What to produce
Working from the records below, repeat exactly the lines starting at the line that contains "Sonnenbrille aus RCS" and ending at the line that contains "Aquamarin Gingham Flachmann (Rückseite)", inclusive.

Records provided

-------

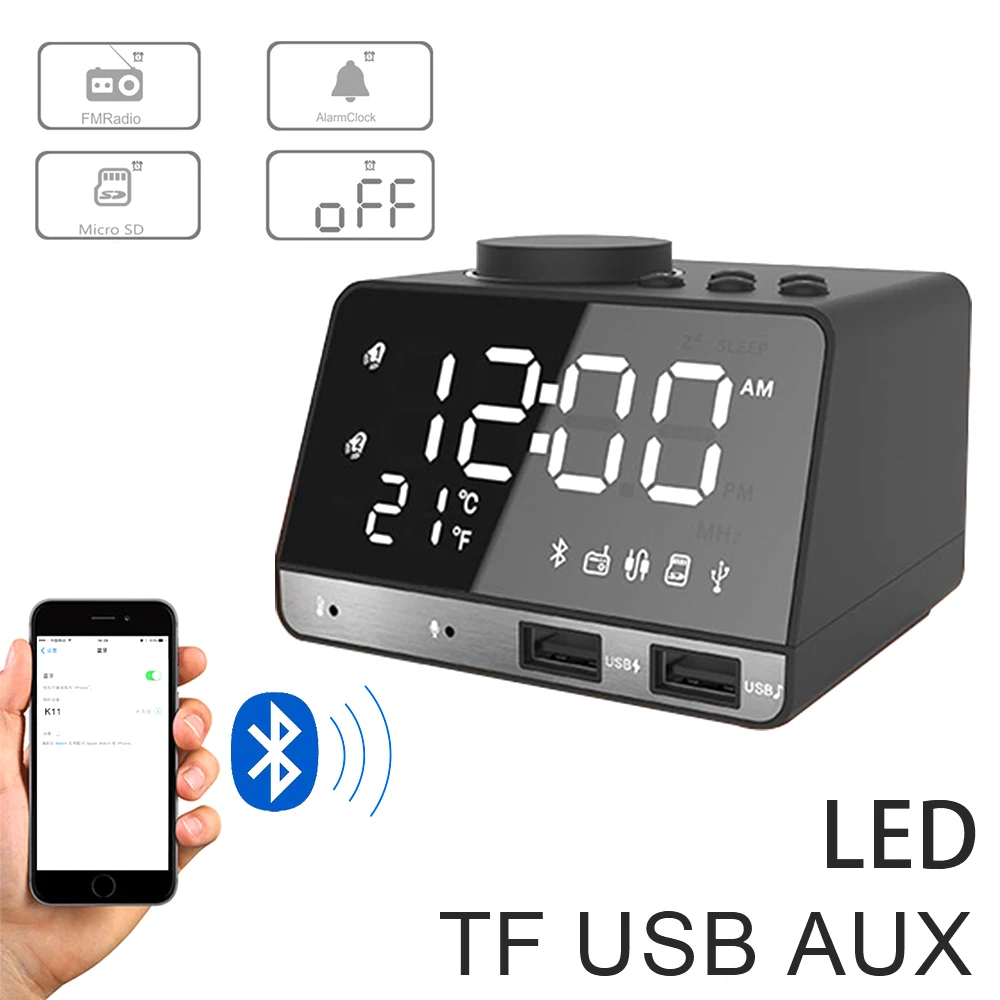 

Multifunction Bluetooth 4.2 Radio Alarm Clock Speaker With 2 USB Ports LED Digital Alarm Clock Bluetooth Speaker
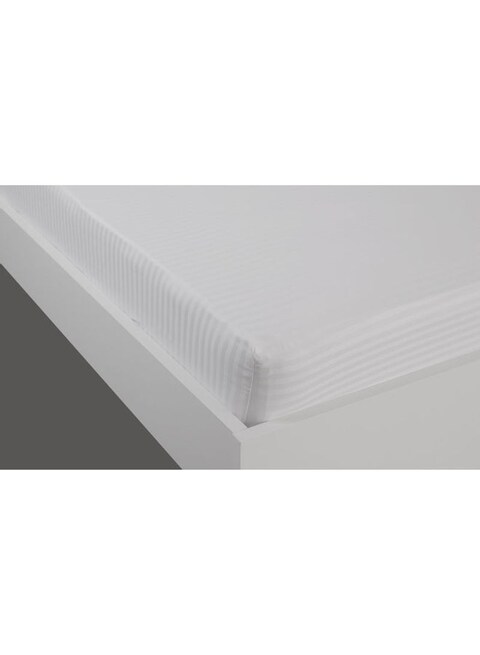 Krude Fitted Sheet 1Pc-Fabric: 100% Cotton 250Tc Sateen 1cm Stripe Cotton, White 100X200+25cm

-------

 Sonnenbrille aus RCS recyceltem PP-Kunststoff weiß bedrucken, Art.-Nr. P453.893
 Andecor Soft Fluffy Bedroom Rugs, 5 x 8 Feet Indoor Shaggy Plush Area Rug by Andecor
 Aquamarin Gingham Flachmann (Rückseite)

-------

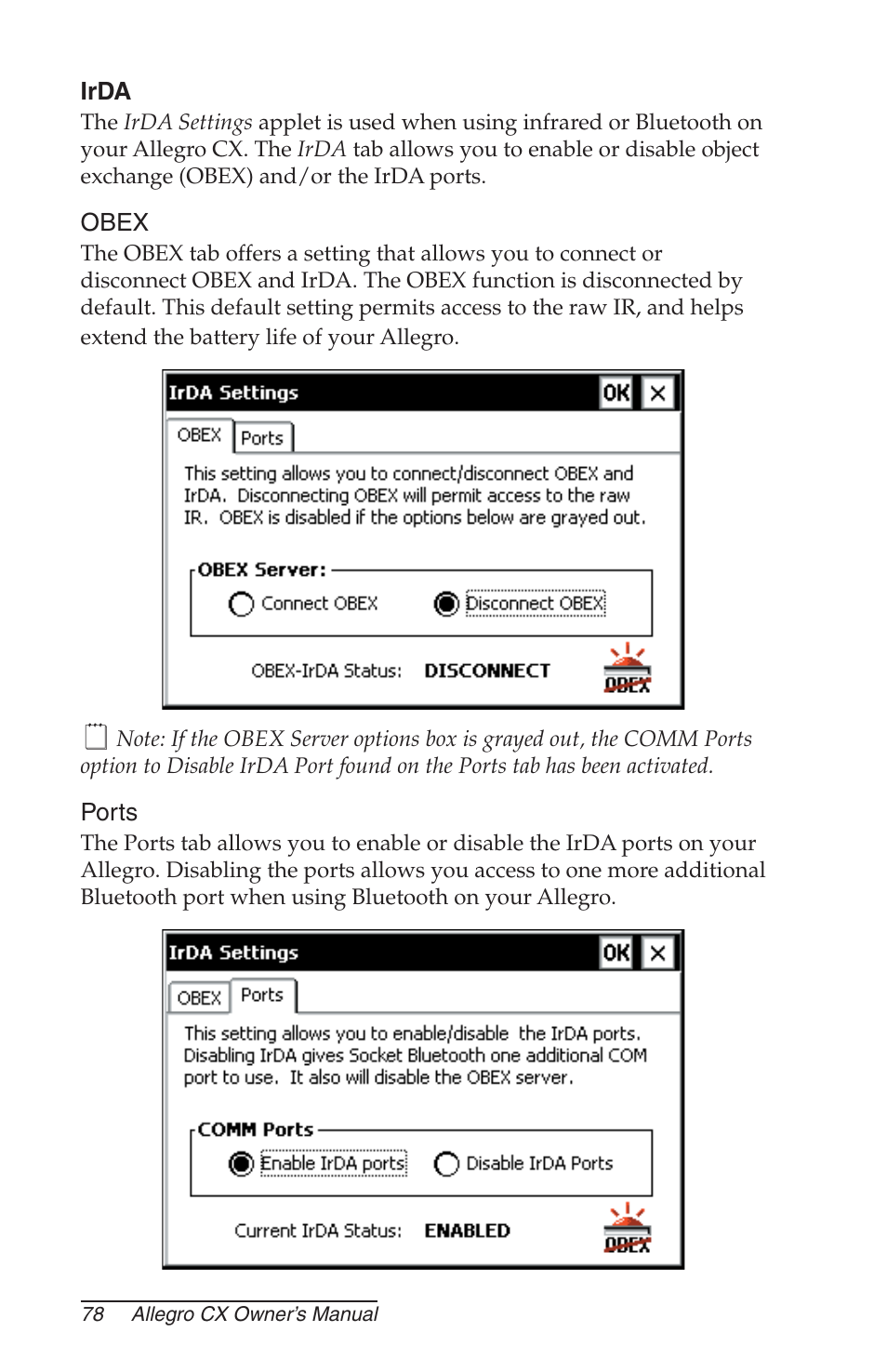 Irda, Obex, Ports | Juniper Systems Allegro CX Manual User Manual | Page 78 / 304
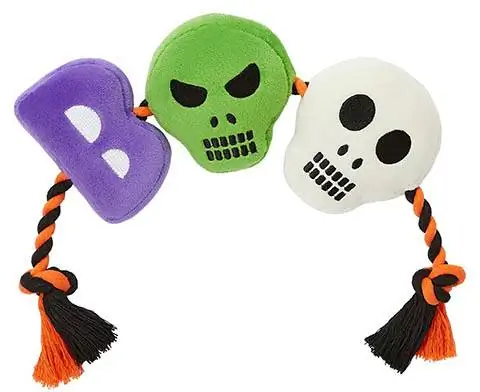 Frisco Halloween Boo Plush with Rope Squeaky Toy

-------

Response to the task
 Sonnenbrille aus RCS recyceltem PP-Kunststoff weiß bedrucken, Art.-Nr. P453.893
 Andecor Soft Fluffy Bedroom Rugs, 5 x 8 Feet Indoor Shaggy Plush Area Rug by Andecor
 Aquamarin Gingham Flachmann (Rückseite)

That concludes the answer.